King Merodach-Baladan II (721-710 BC) of Babylonia grew 64 different species of plants in his royal garden. He kept records on how to cultivate many spices and herbs such as cardamom, coriander, garlic, thyme, saffron, and turmeric. The religion of Babylonia involved an ancient medical god of the moon, who controlled medicinal plants. Potent parts of herbs were not allowed sun exposure and were harvested by moonlight.

Onions, garlic, and shallots became popular condiments in Persia by the 6th century BC. Records from King Cyrus (559-529 BC) noted a wholesale purchase of 395,000 bunches of garlic. Persians also produced essential oils from roses, lilies, coriander, and saffron.

 

Indian Origins

Spices and herbs such as black pepper, cinnamon, turmeric, and cardamom have been used by Indians for thousands of years for both culinary and health purposes. Spices indigenous to India (such as cardamom and turmeric) were cultivated as early as the 8th century BC in the gardens of Babylon (2).

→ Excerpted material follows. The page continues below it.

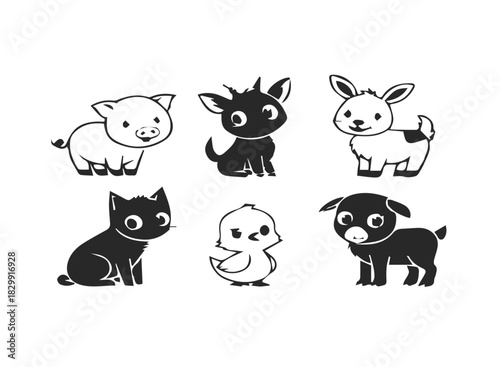 Cute farm animals icon set piglet goat kid kitten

Sushruta, an ancient surgeon (around 4th century BC), used white mustard and other aromatic plants in bed sheets to ward off malignant spirits. He also applied a poultice from sesame to postoperative wounds which may have acted as an antiseptic.

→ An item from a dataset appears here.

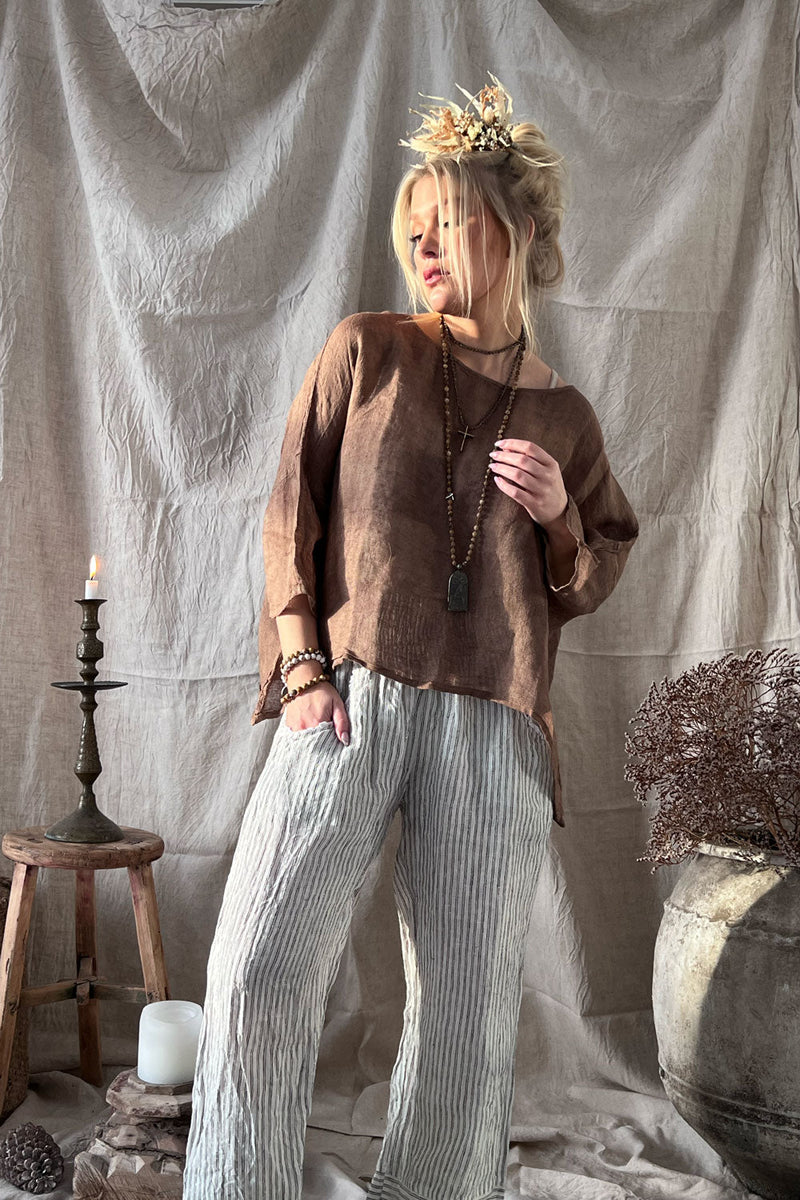 Boho linen shirt, chocolate brown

Medical writings of Charaka (1st century) and Sushruta II (2nd century) referenced spices and herbs. Sushruta II also used spices and herbs such as cinnamon, cardamom, ginger, turmeric, and pepper for healing purposes. Spices such as cardamom, ginger, black pepper, cumin, and mustard seed were included in ancient herbal medicines for different types of health benefits. In Ayurvedic medicine, spices such as cloves and cardamom were wrapped in betel-nut leaves and chewed after meals to increase the flow of saliva and aid digestion.

 

Ancient Greece and Rome

Ancient Greeks imported Eastern spices (such as pepper, cassia, cinnamon, and ginger) to the Mediterranean area. They also consumed many spices produced in neighboring countries. Examples include caraway and poppy seeds for bread, fennel for vinegar sauces, coriander as a condiment in food and wine, and mint as a flavoring in meat sauces. Garlic was widely used by the country people in much of their cooking. Ancient Greeks wore parsley and marjoram as a crown at their feasts in an attempt to prevent drunkenness.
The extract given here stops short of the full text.